Building Your Own Big Data Analysis Infrastructure for Biodiversity Science

TitleBuilding Your Own Big Data Analysis Infrastructure for Biodiversity Science
Publication TypePresentation
Year of Publication2017
AuthorsCollins, M, Nicholson, N, Poelen, J, Thompson, A, Hammock, J, Thesen, A
AbstractThe size of biodiversity data sets, and the size of people’s questions around them, are outgrowing the capabilities of desktop applications, single computers, and single developers. Numerous articles in the corporate sector (Delgado 2016) have been written on how much time professionals spend manipulating and formatting large data sets compared to the time they spend on the important work of doing analysis and modeling. To efficiently move large research questions forward, the biodiversity domain needs to transition towards shared infrastructure with the goal of providing a mise en place for researchers to do research with large data. The GUODA (Global Unified Open Data Access) collaboration was formed to explore tools and use cases for this type of collaborative work on entire biodiversity data sets.
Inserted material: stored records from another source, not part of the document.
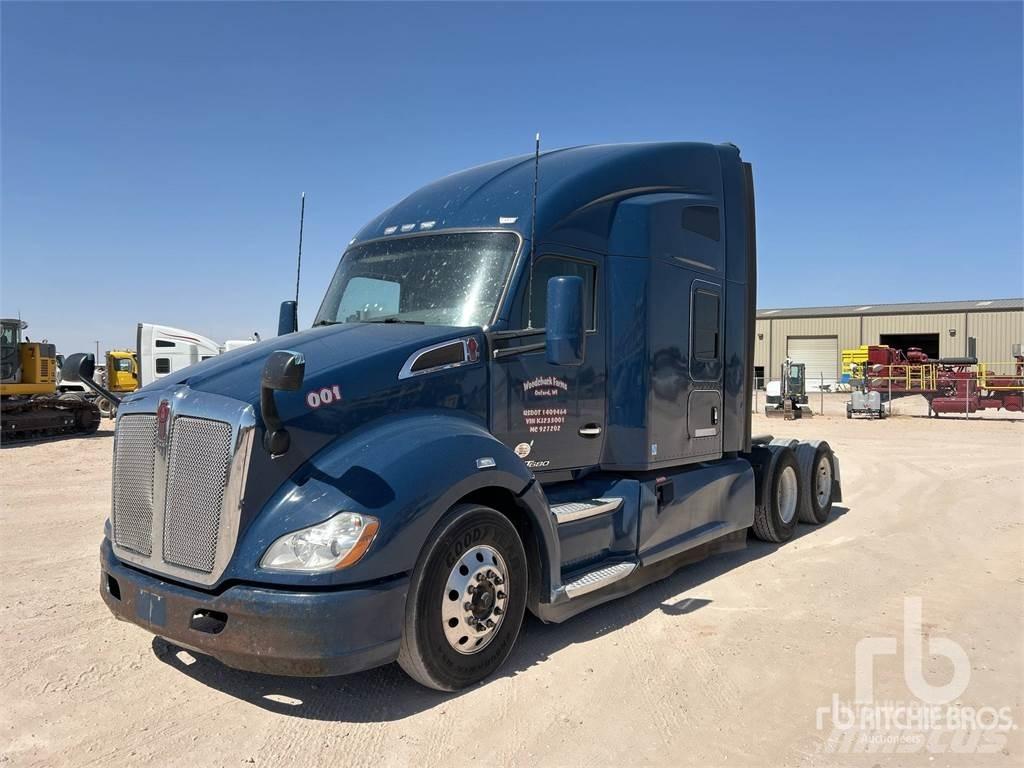 Kenworth T680 Autotractoare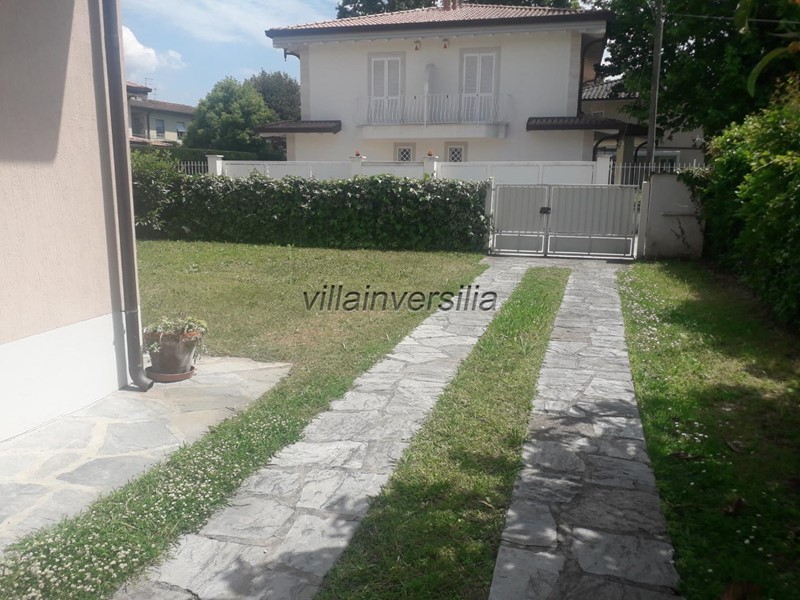 Appartamento in Affitto a Pietrasanta, zona Marina di Pietrasanta, 5'000€, 94 m², arredato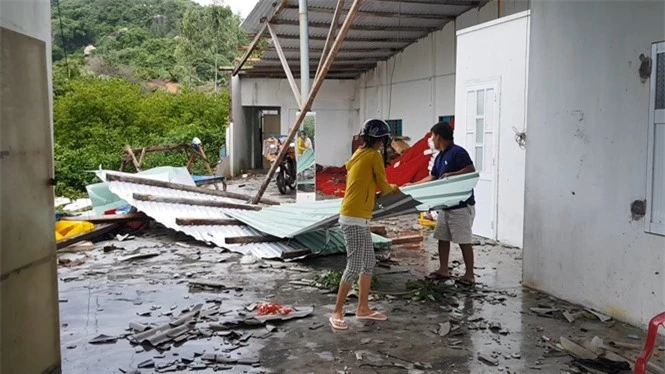 Điện lực Phú Yên nỗ lực sửa chữa để cung cấp điện cho người dân khắc phục hậu quả lốc xoáy ẢNH: ĐỨC HUY.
Three key parts of that exploration have been: the software and hardware infrastructure needed to be able to work with hundreds of millions of records and terabytes of data quickly, removing the impediment of data formatting and preparation, and workflows centered around GitHub for interacting with peers in an open and collaborative manner. We will describe our experiences building an infrastructure based on Apache Mesos, Apache Spark, HDFS, Jupyter Notebooks, Jenkins, and Github. We will also enumerate what resources are needed to do things like join millions of records, visualize patterns in whole data sets like iDigBio and the Biodiversity Heritage Library, build graph structures of billions of nodes, analyze terabytes of images, and use natural language processing to explore gigabytes of text. In addition to the hardware and software, we will describe the kinds of skills needed by staff to design, build, and use this sort of infrastructure and highlight some experiences we have with training students. Our infrastructure is one of many that are possible. We hope that by showing the amount and type of work we have done to the wider community, other organizations can understand what they would need to speed up their research programs by developing their own collaborative computation and development environments.